#### Data excerpt:
........
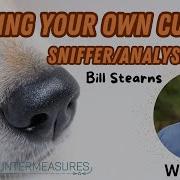 Creating Your Own Custom Sniffer Analysis Tool W Bill Stearns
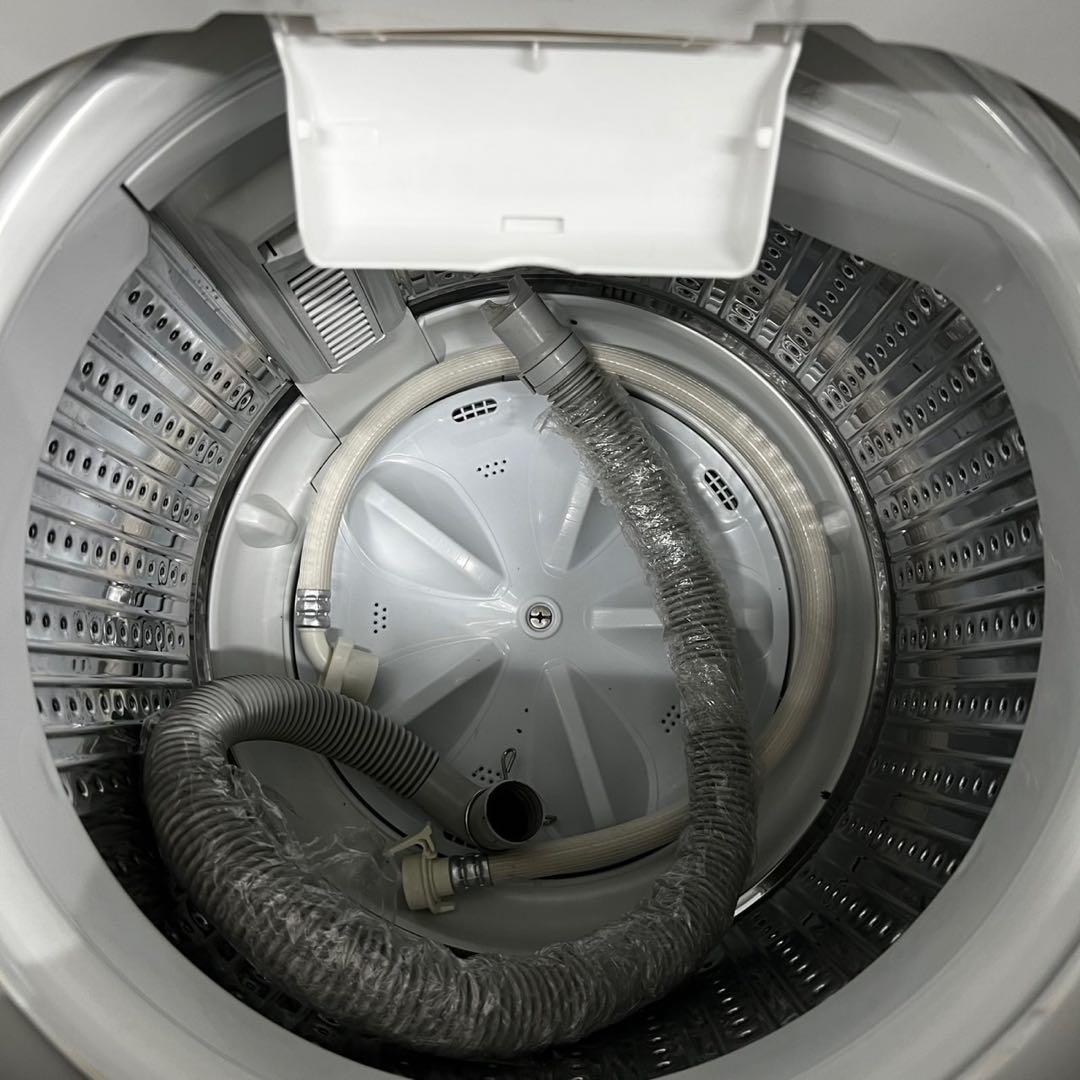 915N　洗濯機　冷蔵庫　レンジ　一人暮らし　家電セット　設置無料　安い‼️
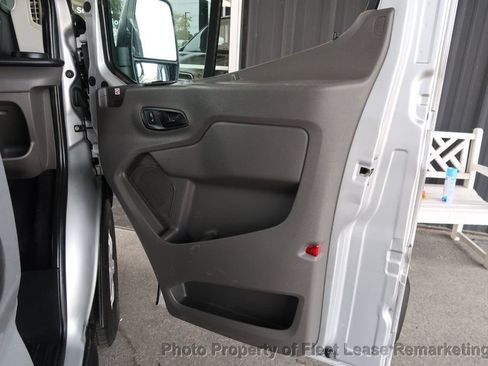 Used 2020 Ford Transit 350 XLT RWD image 25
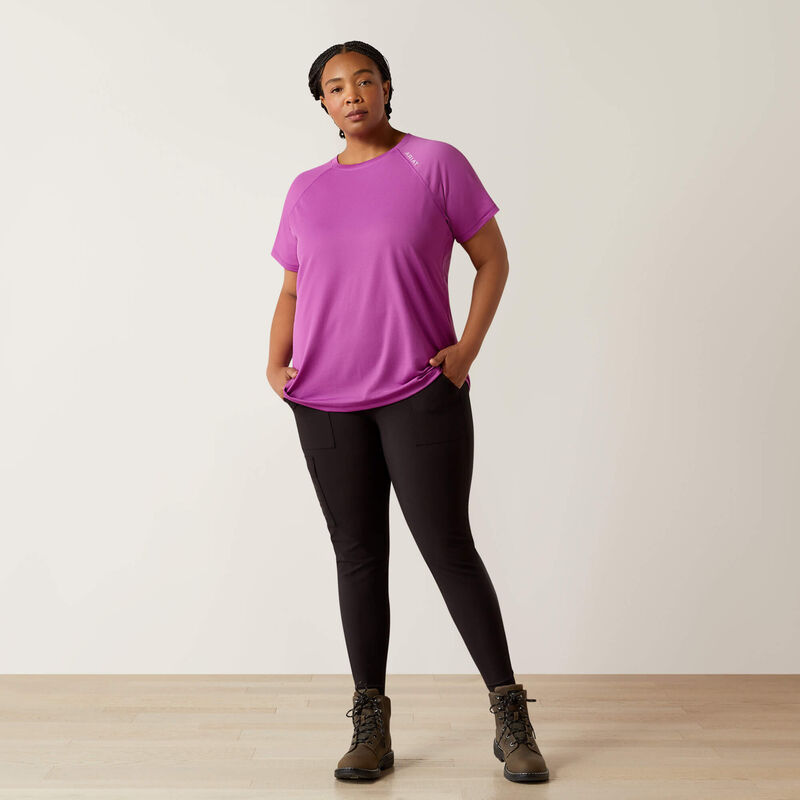 Rebar Heat Fighter Essential T-Shirt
........
#### Problem to solve:
Omit the pictures and return exactly the lines from the line containing "915N　洗濯機　冷蔵庫　レンジ　一人暮らし　家電セット　設置無料　安い‼️" through the final line of the material above, both ends included.

#### Answer space:
 915N　洗濯機　冷蔵庫　レンジ　一人暮らし　家電セット　設置無料　安い‼️
 Used 2020 Ford Transit 350 XLT RWD image 25
 Rebar Heat Fighter Essential T-Shirt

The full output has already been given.